Black Swan conta a história da dedicada bailarina Nina Sayers (Natalie Portman), escolhida pelo diretor artístico da Companhia de Dança de Nova York, Thomas Leroy (Vicent Cassel), para representar a “Rainha dos Cisnes”, na mais nova montagem de O Lago dos Cisnes.
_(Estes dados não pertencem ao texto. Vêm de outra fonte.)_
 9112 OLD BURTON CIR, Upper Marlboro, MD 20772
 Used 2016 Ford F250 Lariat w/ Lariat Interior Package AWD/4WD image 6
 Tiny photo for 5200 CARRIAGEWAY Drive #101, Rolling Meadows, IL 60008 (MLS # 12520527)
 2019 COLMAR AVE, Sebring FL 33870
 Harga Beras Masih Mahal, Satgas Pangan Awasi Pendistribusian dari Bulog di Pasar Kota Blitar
O personagem é um desafio: a escolhida precisa subir ao palco como o Cisne Branco, com doçura e fragilidade, e também como o Cisne Negro, com agressividade e apelo sexual.

O papel é tido como um dos mais cobiçados entre as bailarinas, e interpretá-lo torna-se um desafio inimaginável para Nina que não encontra dificuldade no Cisne Branco – gracioso e de certa forma, ingênuo como ela – , mas pena horrores para encarnar o Cisne Negro, visto que, ousadia e sensualidade são sentimentos completamente desconhecidos pela pura garota.
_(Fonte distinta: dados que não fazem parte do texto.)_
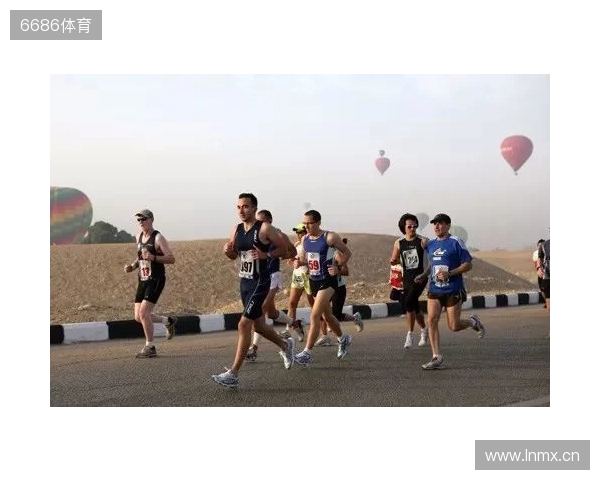 感人至深,朋友穿若塔球衣跑马拉松,期间与若塔妻子相拥 感人至深,朋友穿若塔球衣跑马拉松,期间与若塔妻子相拥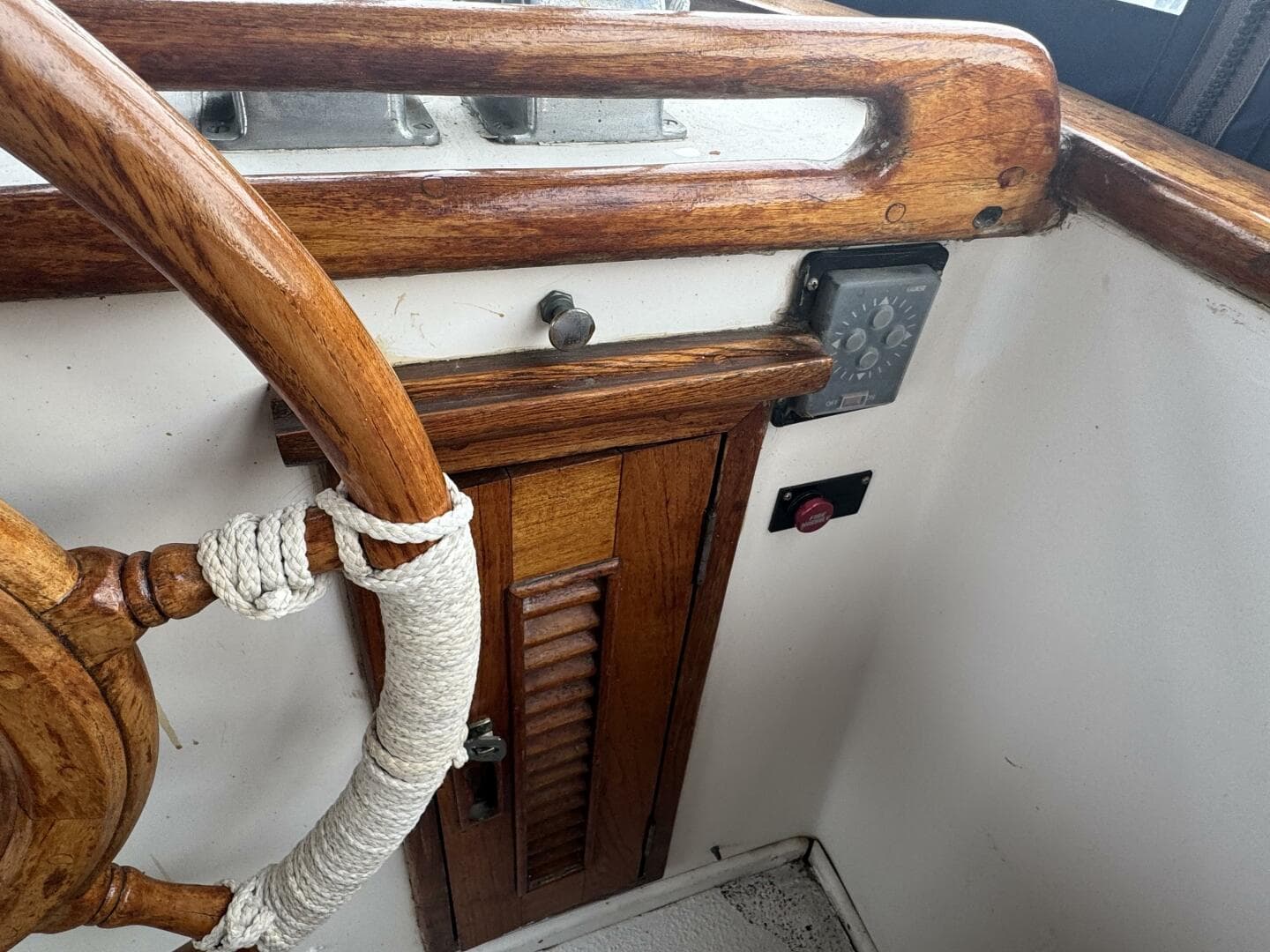 1981 Marine Trader Double Cabin — photo 26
A peça vira uma obsessão para ela, que ainda tem que enfrentar os ciúmes das outras bailarinas da companhia e a “concorrência” de Lilly (Mila Kunis), uma jovem despojada que pode lhe roubar o papel. Além disso, sua relação complicada com a mãe opressora (Barbara Hershey) – uma ex-bailarina que vê na oportunidade da filha a chance de realizar os sonhos de outrora – vai dificultar ainda mais a jornada.
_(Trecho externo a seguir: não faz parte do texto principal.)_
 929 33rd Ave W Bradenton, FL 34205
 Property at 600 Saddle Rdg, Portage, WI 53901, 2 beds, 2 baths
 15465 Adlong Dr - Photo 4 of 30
Natalie Portman nunca brilhou tanto em um filme e sua dedicação ao papel justifica todos os prêmios que recebeu (E irá receber). Ela é tão perfeita quanto o desejo de sua personagem e, ao vê-la dançando, fica fácil entender porque acabou engravidando do coreógrafo francês Benjamin Millepied: suas técnicas de balé são excepcionais. Aronofsky que não é tolo, soube bem explorar todo este esforço, colocando a câmera para acompanhar a coreografia da atriz/bailarina bem de perto, sem deixar nenhum movimento de fora.

O elenco de coadjuvantes também merece crédito. As atuações de Vincent Cassel e Barbara Hershey transmitem a energia necessária que seus papeis exigem e Mila Kunis, quem diria, finalmente mostra a que veio, numa performance que transborda sensualidade. Prova que esta ukraniana radicada nos EUA tem muito mais a oferecer do que apenas um rostinho bonito em comédias descartáveis (como Uma Noite Fora de Série e Ressaca de Amor).

Em termos técnicos, absolutamente tudo funciona. Destacam-se a pulsante trilha sonora de Clint Mansell que soube aproveitar o original do compositor Tchaicowsky para criar algo inovador e a belíssima fotografia de Matthew Libatique, trabalhando predominantemente com tons de preto e branco, mas alternando cores suaves com escuras para provocar uma distinção visual entre os dois mundos de Nina.

Um filme sedutor e hipnotizante que trata da arte e de suas múltiplas interpretações com muita visceralidade. Perfeição é utopia? NÃO. Equilibrando drama, suspense, o fantástico e o artístico, Cisne Negro cumpre com louvor todas as suas promessas até o desfecho apoteótico, ao som de aplausos fervorosos. Nada mais apropriado para uma obra-prima.

(5/5)
Cisne Negro (Black Swan)
Estados Unidos, 2010 – 108 min.
Direção: Darren Aronofsky. | Roteiro: Mark Heyman, Andres Heinz e as John McLaughlin.
Elenco: Natalie Portman, Vincent Cassel, Mila Kunis, Barbara Hershey, Winona Ryder.